Collected data entries
((
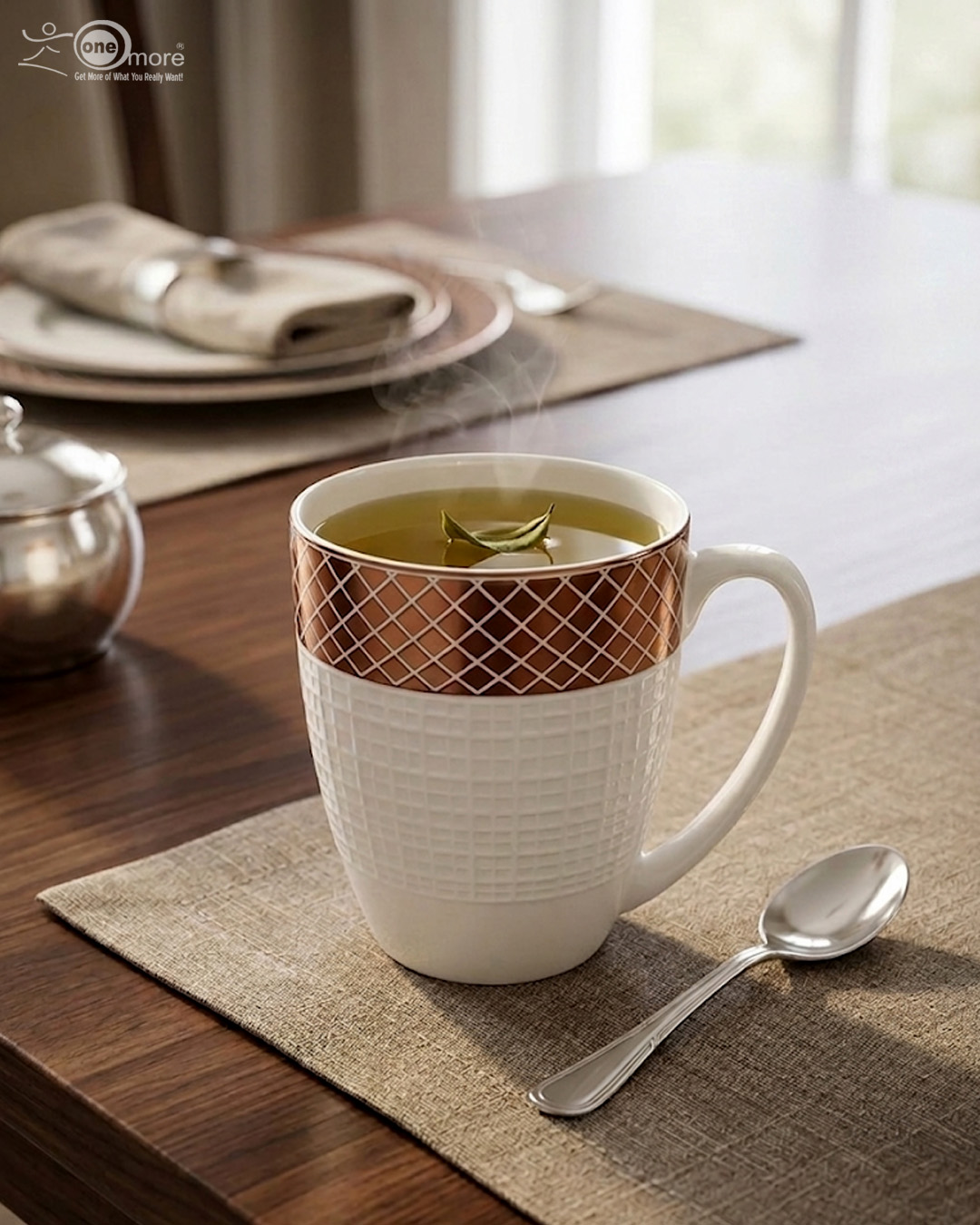 3 A luxury white bone china mug with a rose gold mesh design on the rim, filled with steaming green tea and a tea leaf floating on top, placed on a textured placemat with a silver spoon on a wooden dining table
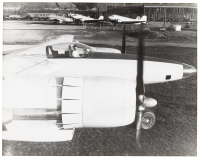 [Howard Hughes sitting in the cockpit of the second FX-11 prototype]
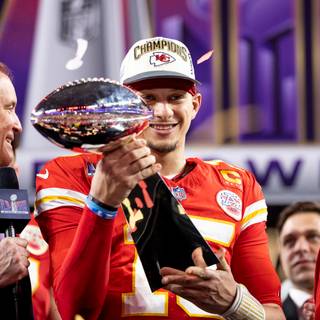 Mahomes holding Super Bowl LVIII trophy wallpaper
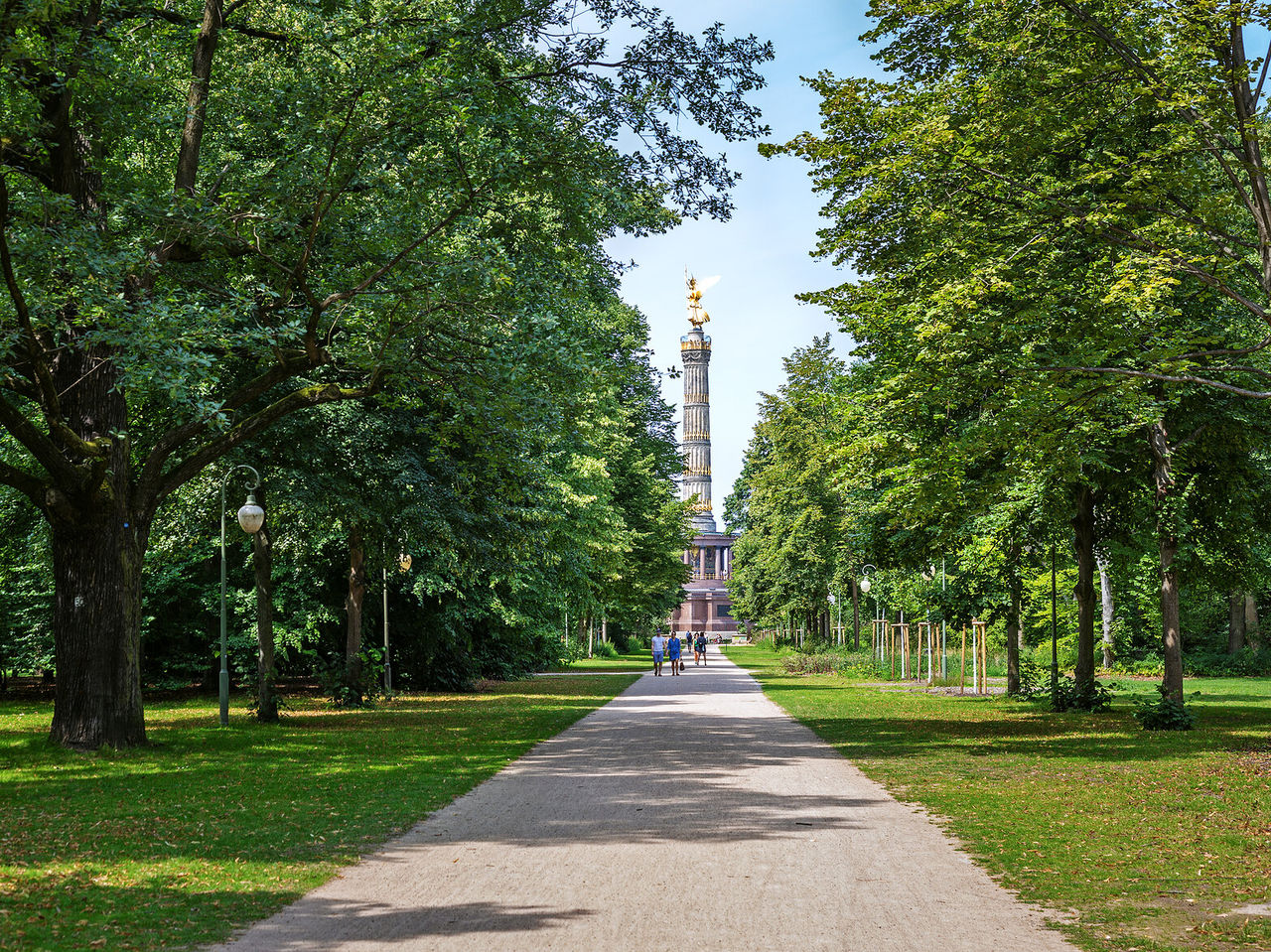 Parque con un camino rodeado de árboles, en Berlín con la famosa Columna de la Victoria al fondo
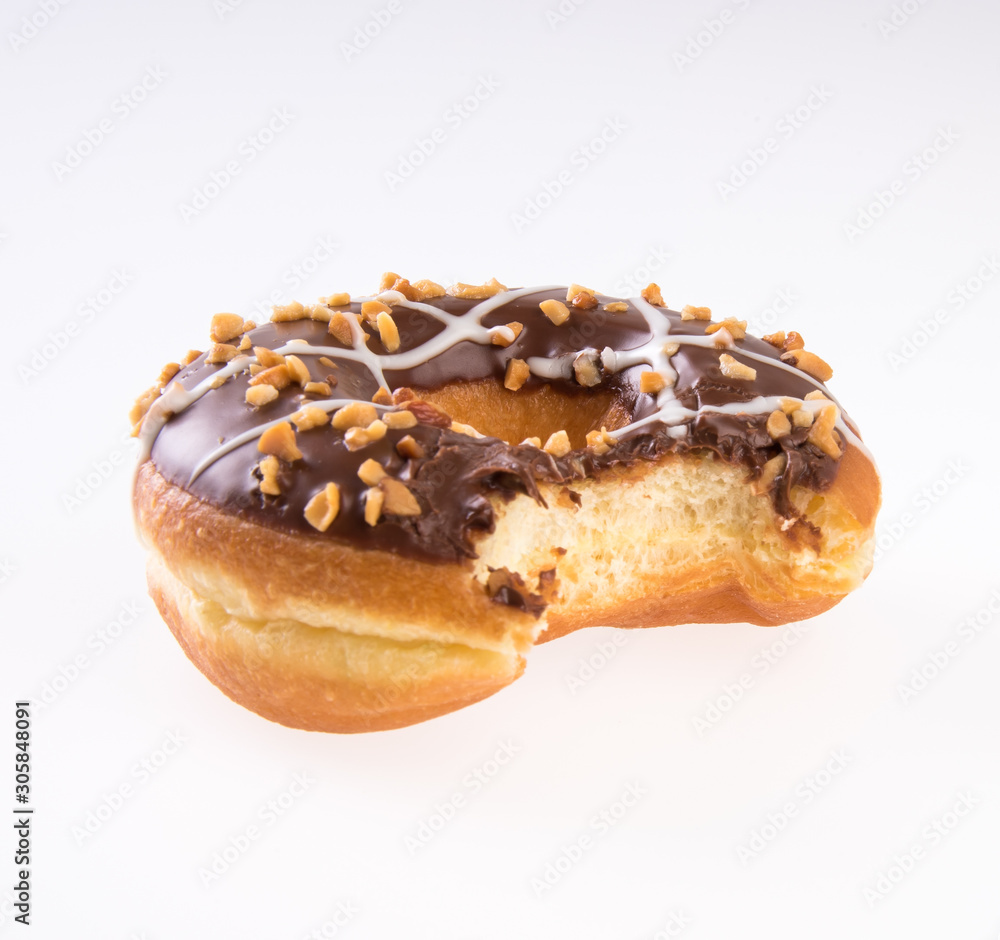 donut or donut with missing bite on a background new. donut or donut with missing bite on a background new.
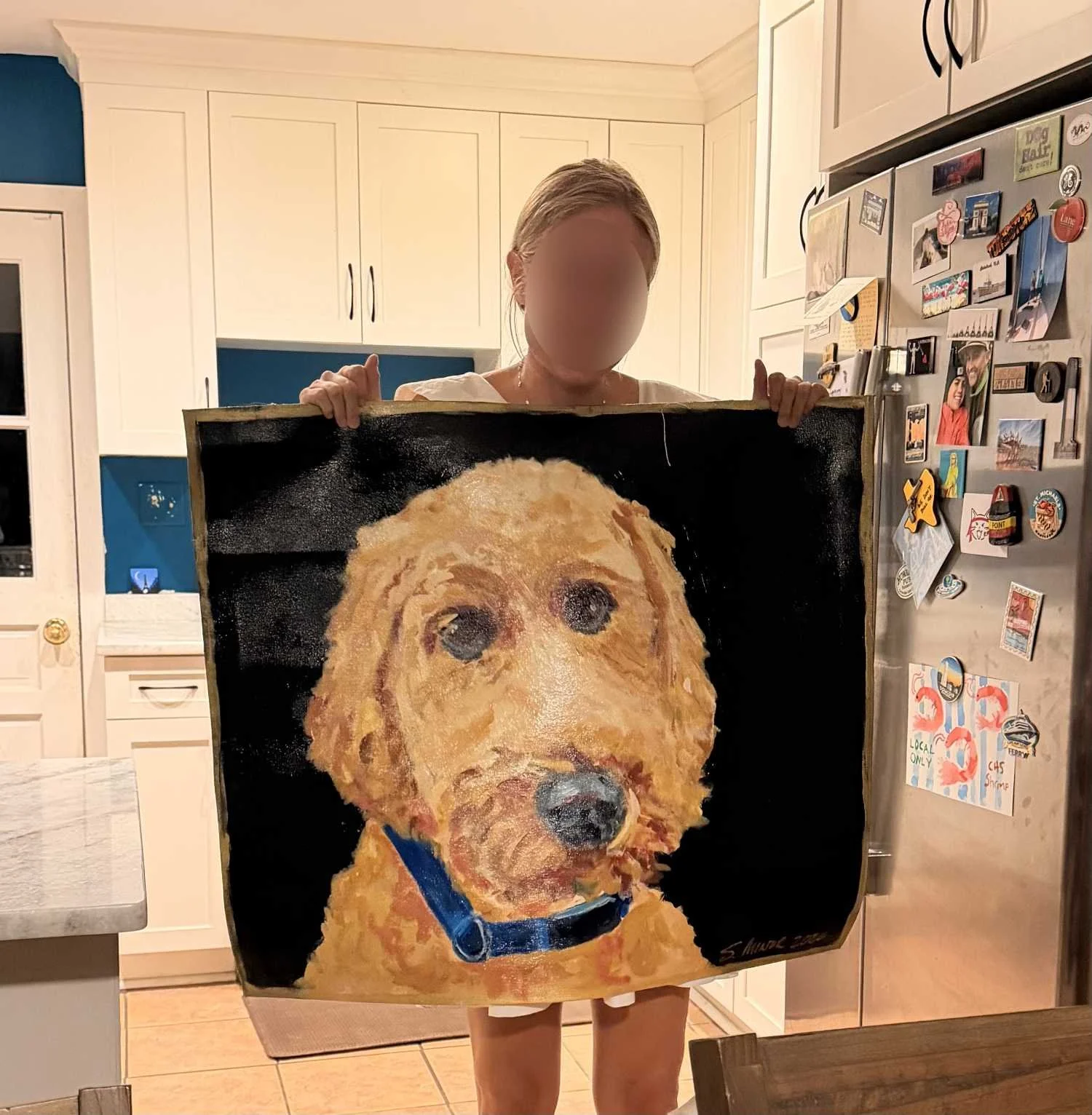 Owner holding a hand-painted canvas floorcloth of her dog in a kitchen.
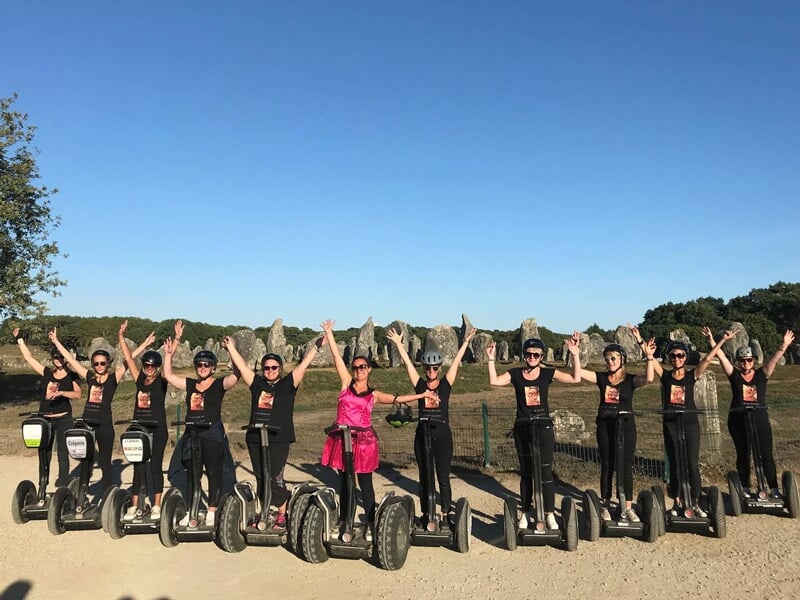 Groupe de femmes en segway sur un chemin ensoleillé, levant les bras en signe de joie.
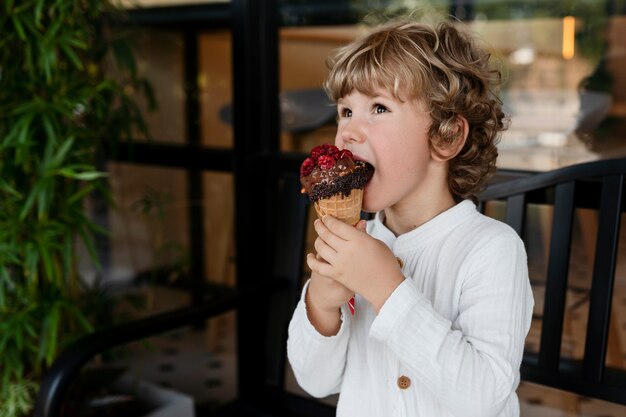 Side view boy licking ice cream cone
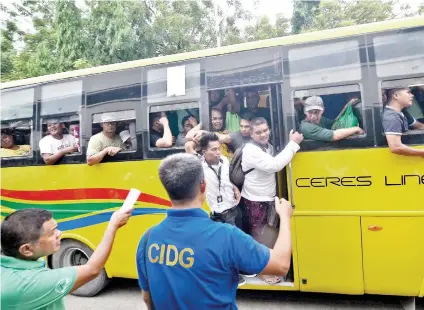  ?? SUNSTAR FOTO / ALAN TANGCAWAN ?? COCKFIGHTE­RS’ RIDE. A bus carries the arrested bettors of an illegal cockfighti­ng game towards the Mandaue City Prosecutor’s Office, where they were charged for violating Presidenta­l Decree 449 (Cockfighti­ng Law of 1974) on Wednesday, Aug. 7, 2019.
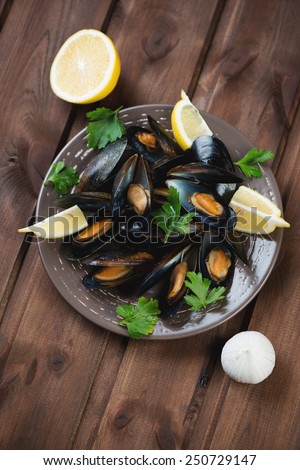 Mussels with lemon, garlic and parsley; rustic wooden background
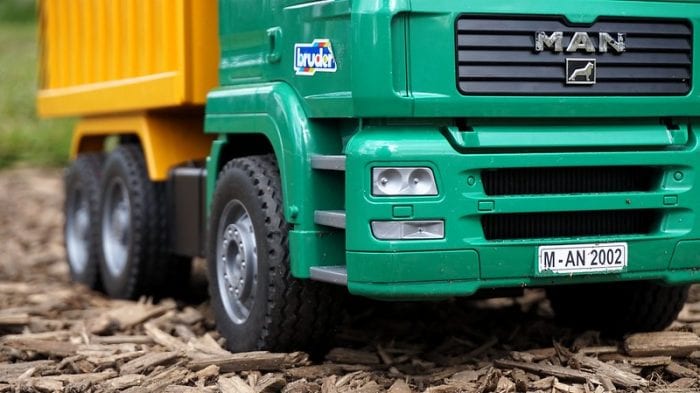 Toy Tow Truck: Green and yellow toy dump truck on a bark mulch surface, designed for outdoor play for children.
))
- What the exercise asks: The answer consists of the lines from the one holding "Parque con un camino" to the end of the records, inclusive, restated exactly and without pictures.

- Response to this exercise:
 Parque con un camino rodeado de árboles, en Berlín con la famosa Columna de la Victoria al fondo
 donut or donut with missing bite on a background new. donut or donut with missing bite on a background new.
 Owner holding a hand-painted canvas floorcloth of her dog in a kitchen.
 Groupe de femmes en segway sur un chemin ensoleillé, levant les bras en signe de joie.
 Side view boy licking ice cream cone
  ?? SUNSTAR FOTO / ALAN TANGCAWAN ?? COCKFIGHTE­RS’ RIDE. A bus carries the arrested bettors of an illegal cockfighti­ng game towards the Mandaue City Prosecutor’s Office, where they were charged for violating Presidenta­l Decree 449 (Cockfighti­ng Law of 1974) on Wednesday, Aug. 7, 2019.
 Mussels with lemon, garlic and parsley; rustic wooden background
 Toy Tow Truck: Green and yellow toy dump truck on a bark mulch surface, designed for outdoor play for children.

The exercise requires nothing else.